Eleven Years In The Big Smoke

Eleven years ago today I started my working life. It was my first post-university full-time job. I was a support engineer on a satellite audio network: the shifts seemed awful and the pay (at least in the first few years) not much better but I loved the job and the people. Many of those colleagues continue to be friends to this day although we haven’t worked together for seven and a half years. It also means that I have been living in London for eleven years, yesterday. I’ve been trying to locate things that have changed in that time. I live in a different place (but only the second place I’ve inhabited in London) and I’m on my 5th job. I don’t work the shifts anymore but, in many ways, miss them and the routine they gave you. I’m wi-fied, pda’d, multi-channeled and mobile (in the phone sense) where I wasn’t – which I guess means my money is being spent on more frivolous things.

London has changed that’s for sure. We have a Mayor and Congestion Charging. Docklands has grown beyond all recognition in the last eleven years; there are some new building on the skyline and the Southbank has been opened up considerably. Like Edinburgh, there are now branches of Starbucks (and every other coffee shop you can imagine) where once there were other retail outlets. The Gap no longer seems to be the height of fashion but then again I can no longer wander a branch of C&A looking at all the clothes I don’t want.

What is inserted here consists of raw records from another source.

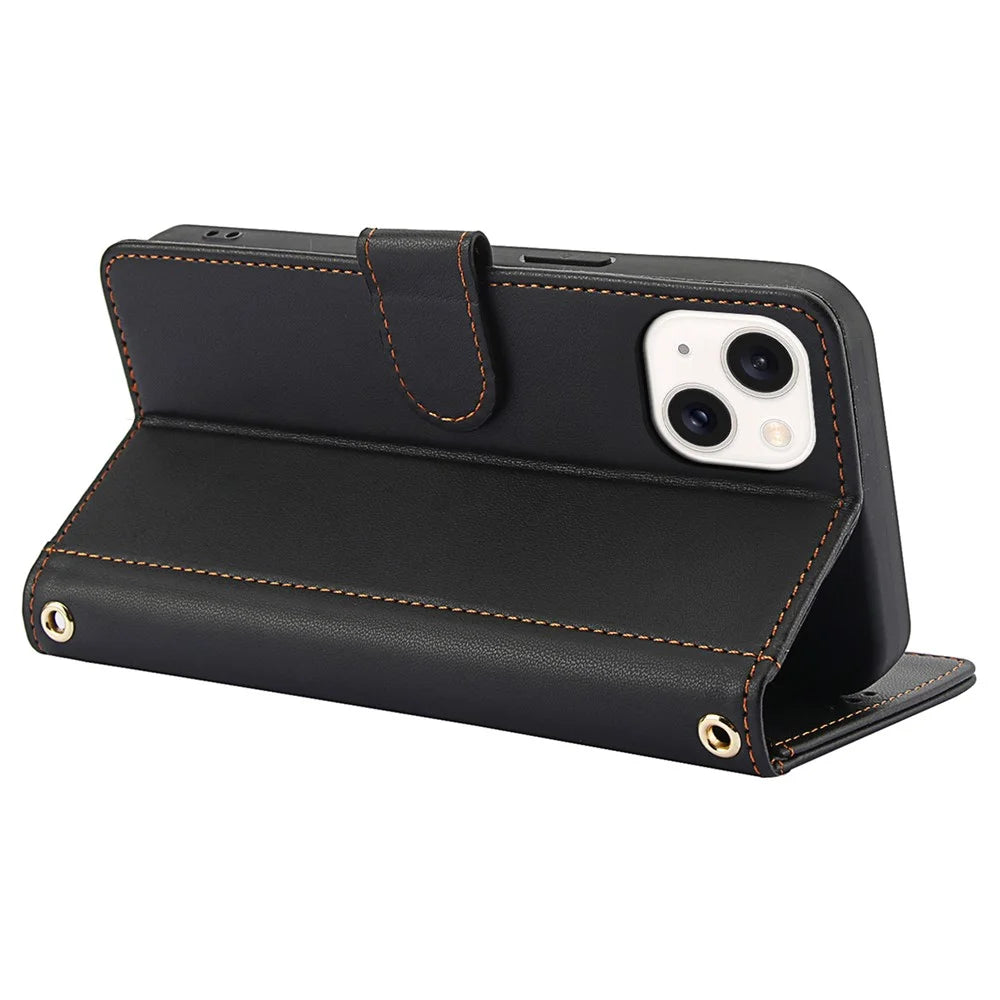 SY-003 For iPhone 15 Case PU Leather Stand View Phone Wallet Cover with Hand Strap - Black - 4
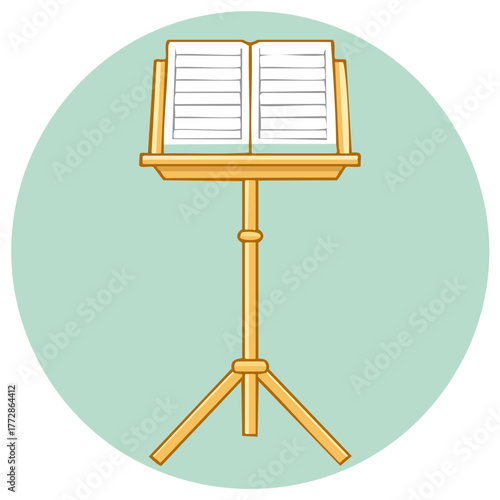Open music stand with blank sheet music pages and pastel background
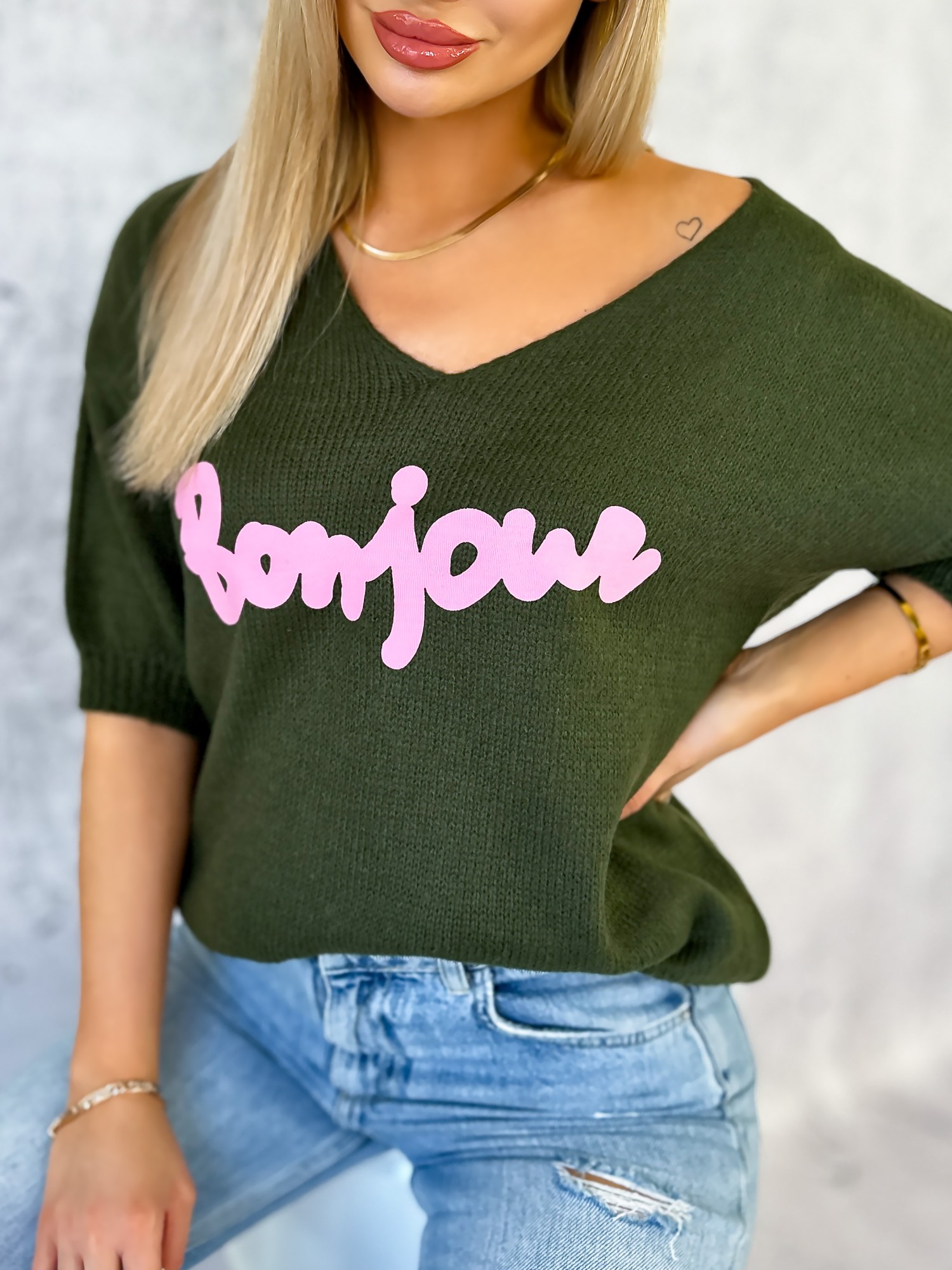 Sweter Bonjour Khaki Sweter Bonjour Khaki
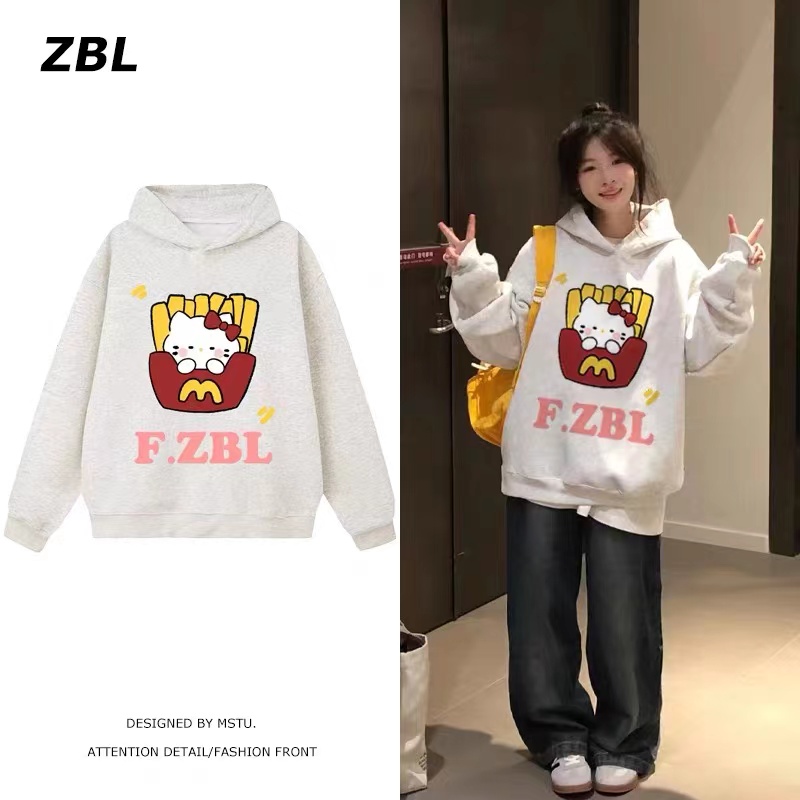 American design printed hooded velvet thickened sweatshirt for female students autumn and winter casual versatile couple jacket tops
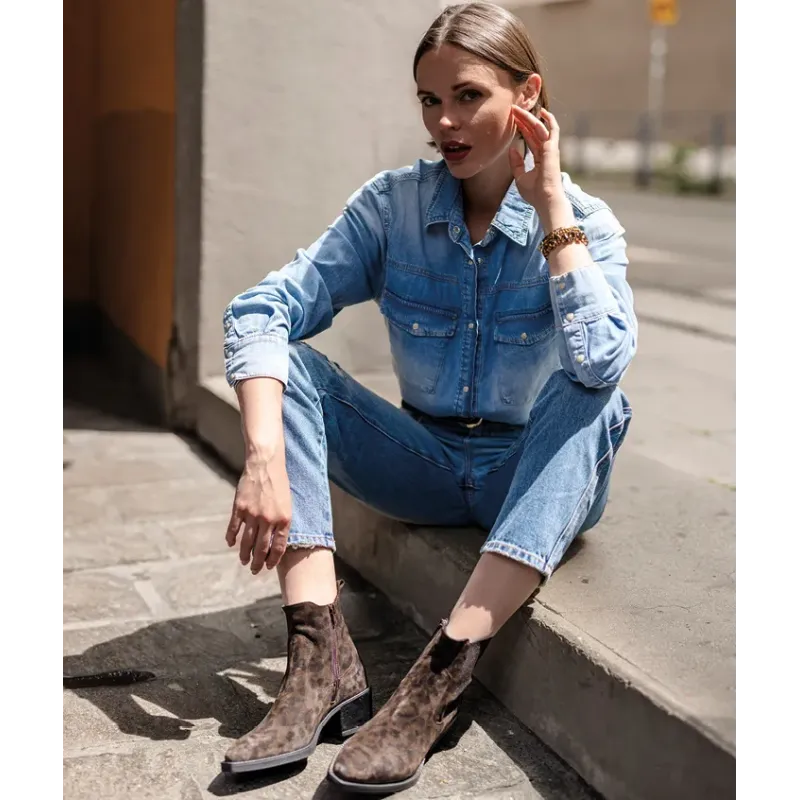 MZ boots Maja nub léop choco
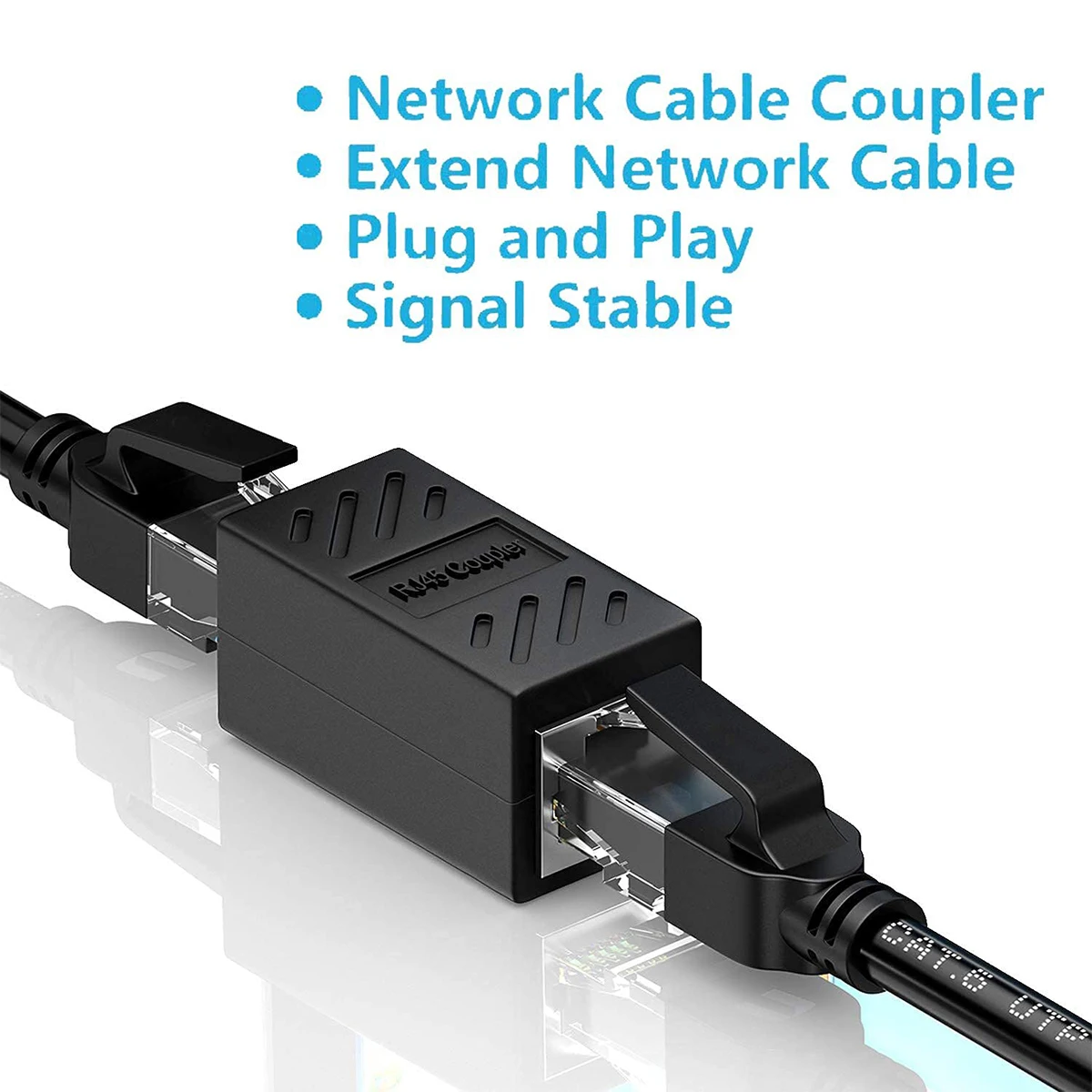 ZoeRax 2PCS RJ45 Coupler Ethernet Extender 1000Mbps, Cat7 Cat6 Cat5e Ethernet Cable Extender Ethernet Adapter LAN Connector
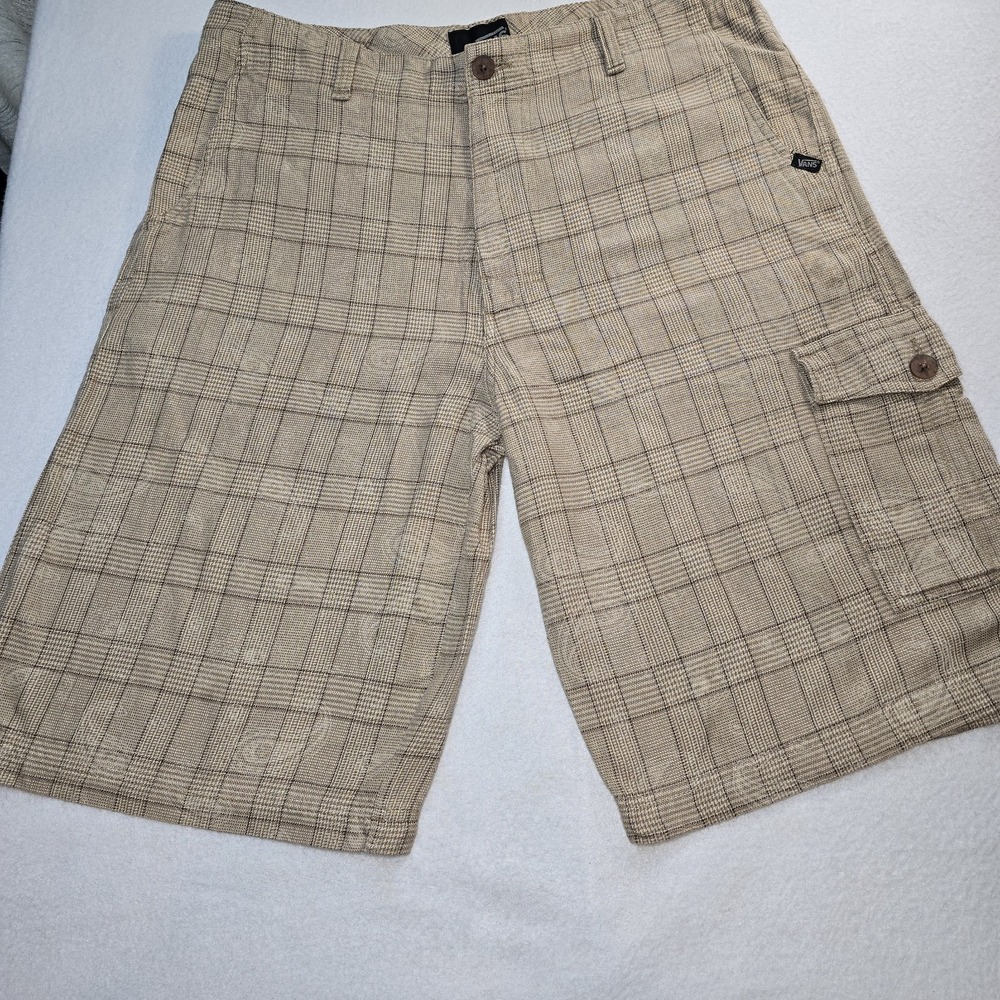 Vans Vintage Y2K Plaid Cargo Shorts 34 Baggy Skater Mall Goth Grunge Jorts Brown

There’s still a good sandwich shop on every street but they’re now mixed in with branches of Tesco and Sainsburys who seem to have rediscovered town centres.

I know an eleven-year working life has allowed me to travel to places I, perhaps, would not have gone without work (and many I couldn’t have gone to with the cash from working). It certainly has allowed me to try more restaurants and cuisines of other countries than I ever though possible. I imagine I own more than I did back then but I can’t really quantify it (I may be a frying pan down and a dinner plate up but I’ve never really counted them).

I’m older, but fitter, than I was eleven years ago. I have a wider circle of friends in London than I could have thought possible eleven years ago. I’m always short of time now whereas I used to have to find things to fill the hours when I wasn’t working.

Of course the biggest change in those years has been social use of the internet: email, usenet and the web were not commonplace when I started working. It was that first job that introduced me to more than academic networks. When I first got an email address I only knew one person outside of my company who I could give it to. Now, it’s given me a career, a whole new way to express and organise myself and – probably – hours of entertainment.

All in all, I think I am a wiser, happier and more contented individual (perhaps I little more stressed). So, happy anniversary to me.